Logo, o objetivo deste trabalho foi comparar a qualidade ambiental das nascentes da APA, bem como a qualidade de suas águas, uma vez que estas podem estar prejudicadas pelo avanço agrícola de seu entorno.
Material e Métodos
Mapeamento do Avanço Agrícola
Para análise das transformações ambientais na APA, foi realizado estudo do avanço agrícola por meio de pesquisas nos sites MapBiomas, IBGE e Naturatins, que compilam as séries históricas de mapas e gráficos. Foi realizada uma análise evolutiva, no período compreendido entre os anos de 2001 a 2017, baseado na utilização de imagens de satélites do projeto MapBiomas (Landsat 5, 7 e 8), que quantifica as mudanças na cobertura do solo em gráficos e mapas.
Local de Estudo
As duas nascentes escolhidas para análise encontram-se destacadas na Figura 1, sendo a nascente do córrego Lagoa Seca identificada como Nascente 1, localizada próximo ao local de agricultura e a nascente do córrego Lajeado, identificada como Nascente 2, em local pouco mais afastado da área de agricultura. Os pontos foram escolhidos de acordo com as imagens de satélite. O estudo foi realizado em novembro de 2018.
Figura 1. Área de estudo, evidenciando a localização geográfica da nascente dos córregos Lagoa Seca (Nascente 1) e da nascente do córrego Lajeado (Nascente 2).
Fonte: Seplan (2012)
Análise Macroscópica da Qualidade Ambiental das Nascentes
A avaliação ambiental macroscópica das nascentes foi realizada por análise dos parâmetros relacionados a coloração da água, odor da água, lixo no entorno, objetos ou substâncias flutuantes, espuma, substâncias oleosas, esgoto, vegetação ao redor, utilização por animais e por humanos, tipo de proteção do local, proximidade à residências e localização. Cada parâmetro foi avaliado em escala que variou de 1 a 3, sendo quanto mais próximo de 3, melhor a condição do parâmetro na nascente. Após análise dos critérios, foi realizada a somatória de todos os parâmetros e classificado de acordo com o grau de preservação (Dias 1998; Gomes et al. 2005)

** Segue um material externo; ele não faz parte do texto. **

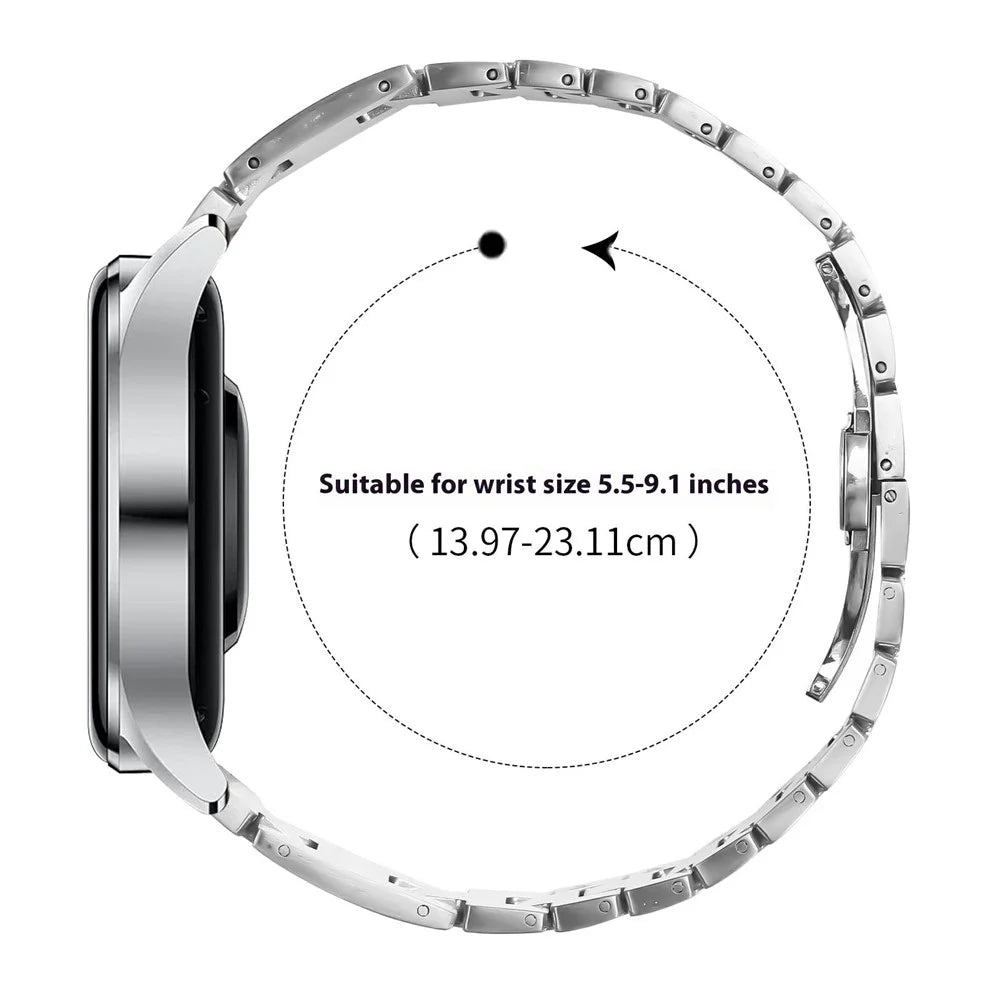 For Huawei Watch Buds Replacement Strap H-Type Butterfly Clasp Stainless Steel Watch Band Silver - 7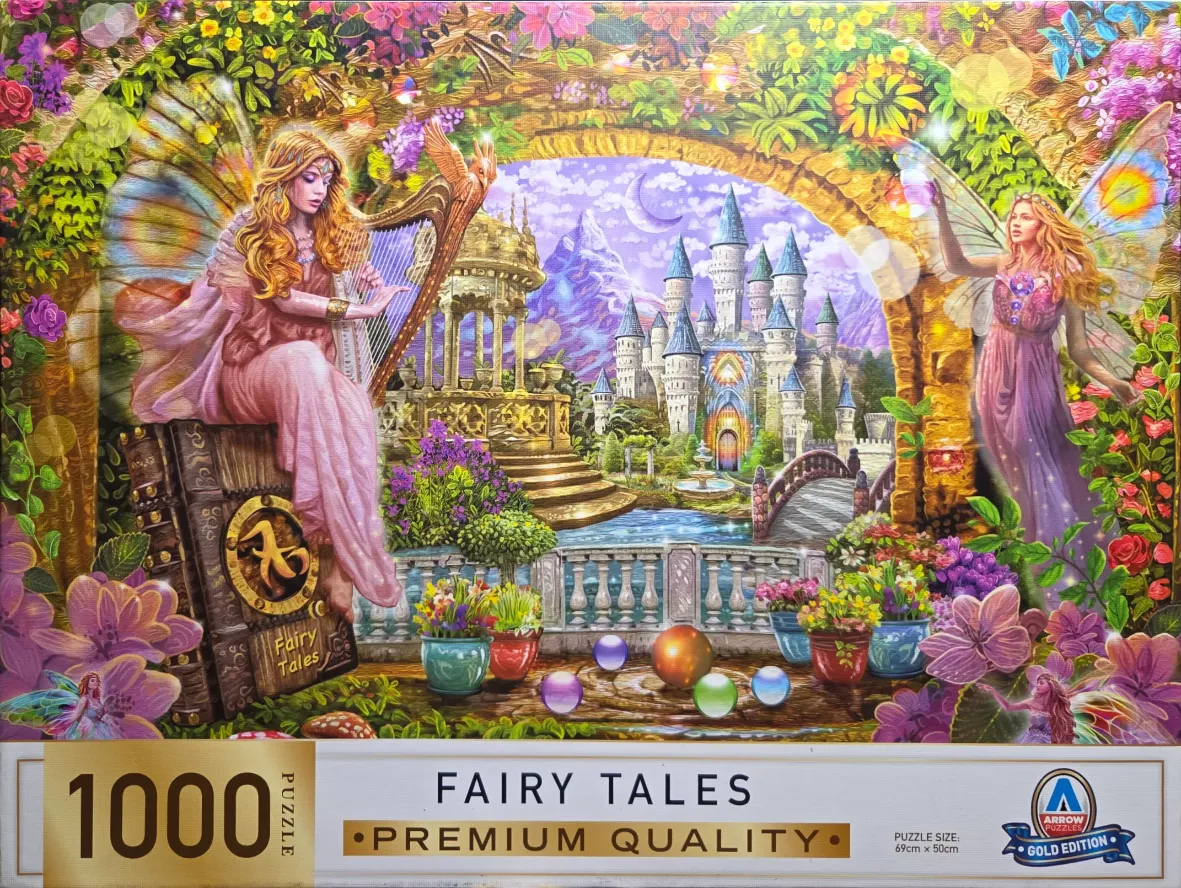 A fantasy illustration of two fairies in a magical garden setting with a castle in the background.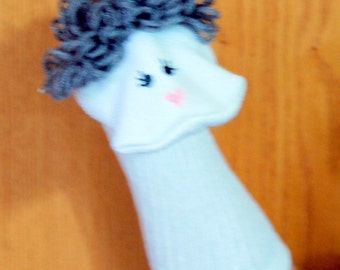 made in USA Grandmother sock puppet hand made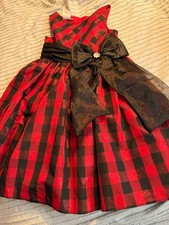 Bonnie Jean Girls Christmas Holiday Santa Plaid Velvet Red Silver Bow dress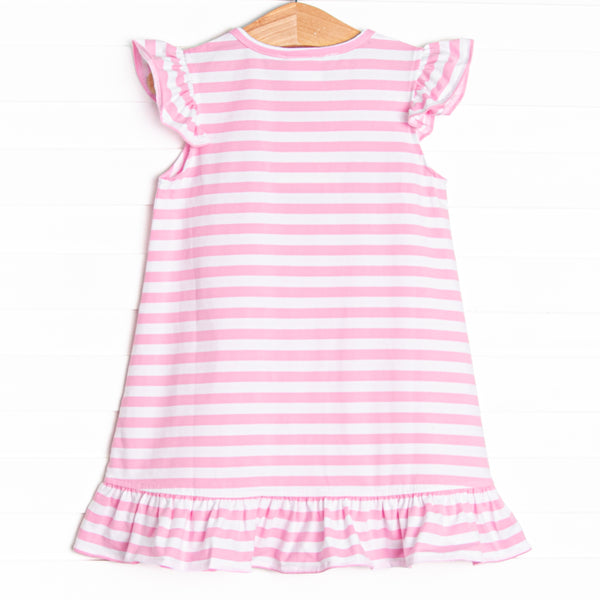 Miss Mouse Applique Dress, Pink Stripe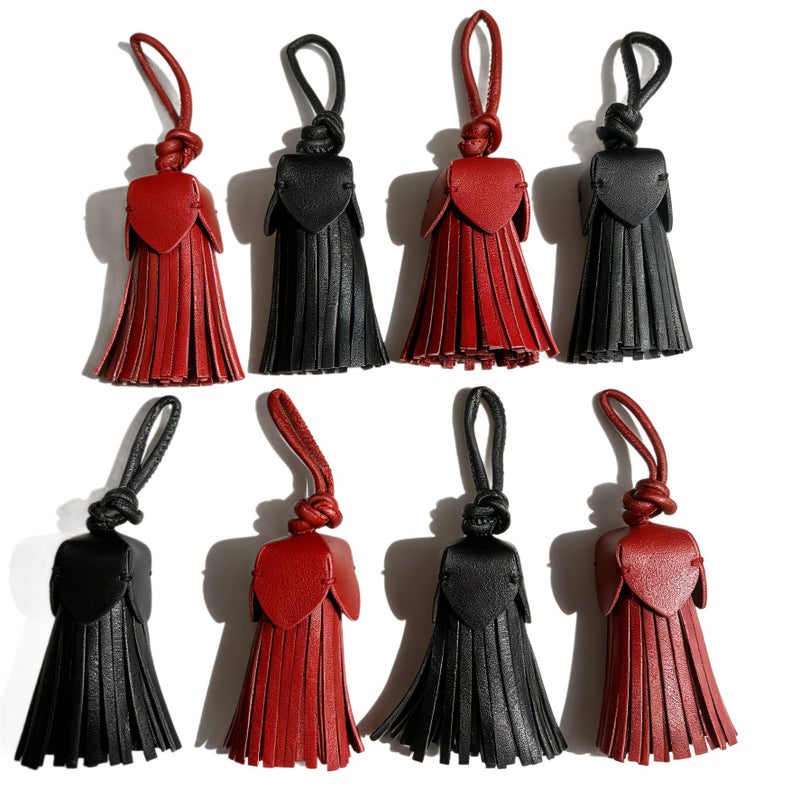 Brown Leather Tassel Pendant Charm For Bags Keys Car - Image 2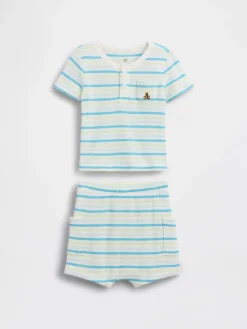 Baby Waffle Henley Outfit Set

Análise da Água das Nascentes
Cerca de 1 litro de água de cada nascente foi coletado manualmente em frasco esterilizado, posicionado contra a corrente, sendo o mesmo aberto somente no momento da coleta e imediatamente fechado, identificado e acondicionado em caixa isotérmica com gelo e transportadas ao Laboratório de Resíduos Sólidos (LABRESOL) e Laboratório de Pesquisa em Química ambiental e de Bicombustíveis (LAPEQ) do Campus de Palmas da Universidade Federal do Tocantins–UFT e mantidos sob refrigeração até o início das análises em período não superior a vinte e quatro horas. Para a análise físico-química das nascentes, foram analisados pH, condutividade (CND), temperatura (TMP), turbidez (TBZ), sólidos totais dissolvidos (STD), fósforo (PO4), nitrito (NO2), nitrato (NO3), amônia (NH4), oxigênio dissolvido (OD) e demanda bioquímica de oxigênio (DBO) (APHA 2005).

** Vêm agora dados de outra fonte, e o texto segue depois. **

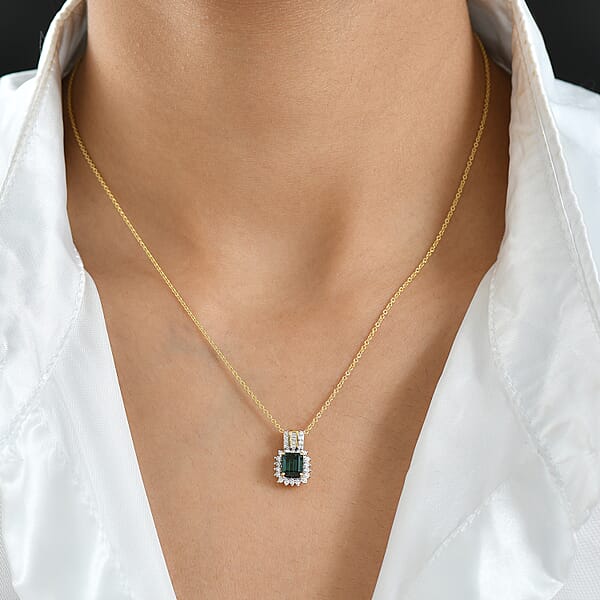 Luxoro AAAA Monte Belo Indicolite And I2 Diamond 1.30 Ctw Royal Elegance Pendant Necklace 20 Inches In 14K Yellow Gold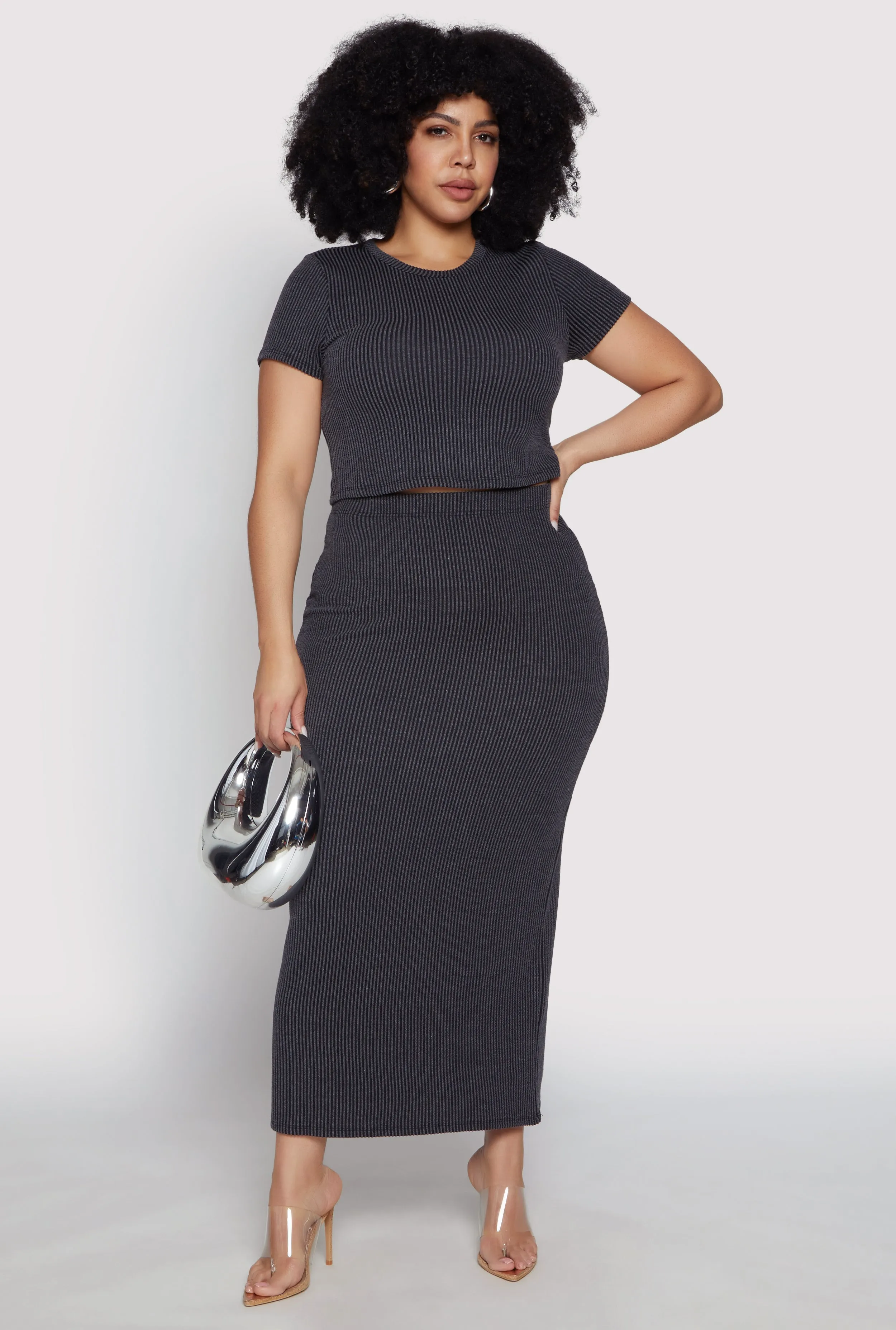 Plus Size Almost Famous Ribbed Knit Crop Top sold by Rainbow product image thumbnail 3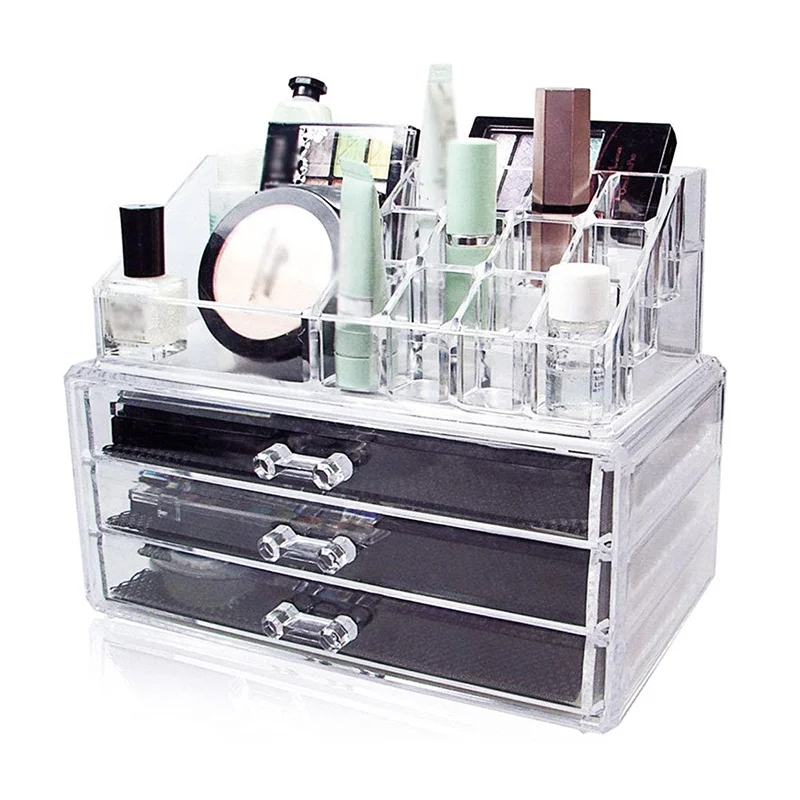 

JQ Desk Drawer Organizer Drawer Dividers Organizers Cosmetic Storage Box Storage Boxes & Bins Eco-friendly Jewelry Modern Glossy, Transparent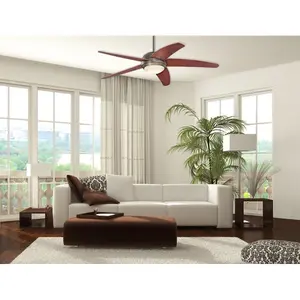 Trinity 132cm Ceiling Fan with Light Kit Light brown/Grey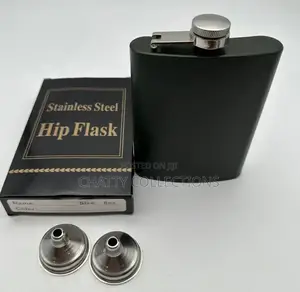 Black Portable Hip Flask Whisky Flask Set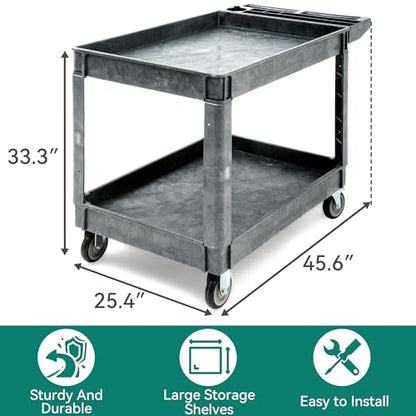 YITAHOME 2 Tier Heavy Duty Plastic Utility Cart 45 x 25 Inch, Grey - color: Gray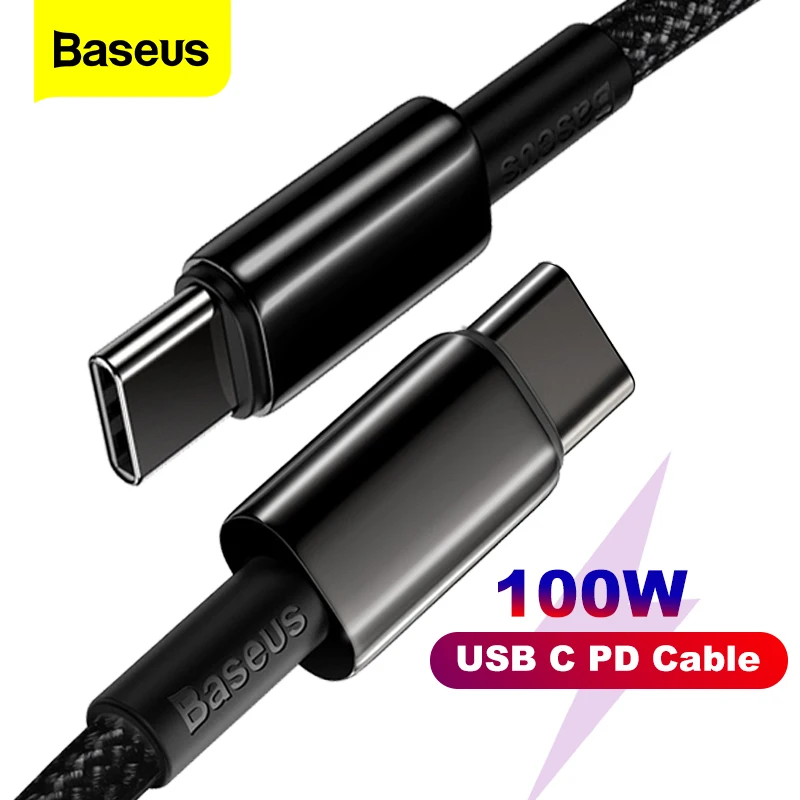 Baseus-Cable USB tipo C de carga rápida, Cable de datos PD de 100W, QC4.0, 3,0 USB-C, para Macbook, Samsung S9, Xiaomi Poco X3 y Huawei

Para as análises microbiológicas, utilizou-se a técnica Colilert®,(NMP/100mL) por meio da mistura da amostra no reagente Colilert®, com posterior transferência da solução para uma cartela estéril (100 ml), a qual foi selada e mantida incubada a 35±2 ºC durante 24 h (1º leitura) e 48 h (2º leitura-confirmação). Os resultados foram obtidos pela relação de valores positivos entre os quadrados maiores e menores da cartela, com aqueles verificados na tabela padrão NMP (número mais provável em 100 mL de água) para o teste Colilert® (APHA 2005).
Os resultados foram confrontados com os parâmetros determinados pelo Conselho Nacional do Meio Ambiente (CONAMA) nº 357/2005 e pela Portaria nº 05/2017 do Ministério da Saúde, pois os chacareiros utilizam a água de nascentes para consumo in natura.
Análise Estatística
As análises estatísticas e multivariadas foram realizadas por análise de componentes principais (PCA) (Brereton 1992; Wold et al. 1987), no qual, por meio de um procedimento matemático é possível projetar a matriz de dados com muitas variáveis, em um espaço de dimensão menor, reduzindo a dimensionalidade do conjunto dos dados. Assim, um novo sistema de eixos é construído, que podem ser denominados componentes principais (PC) e que representam a matriz de dados. Como resultado, as informações mais importantes e relevantes se tornam mais fáceis de serem interpretadas (Brereton 2000).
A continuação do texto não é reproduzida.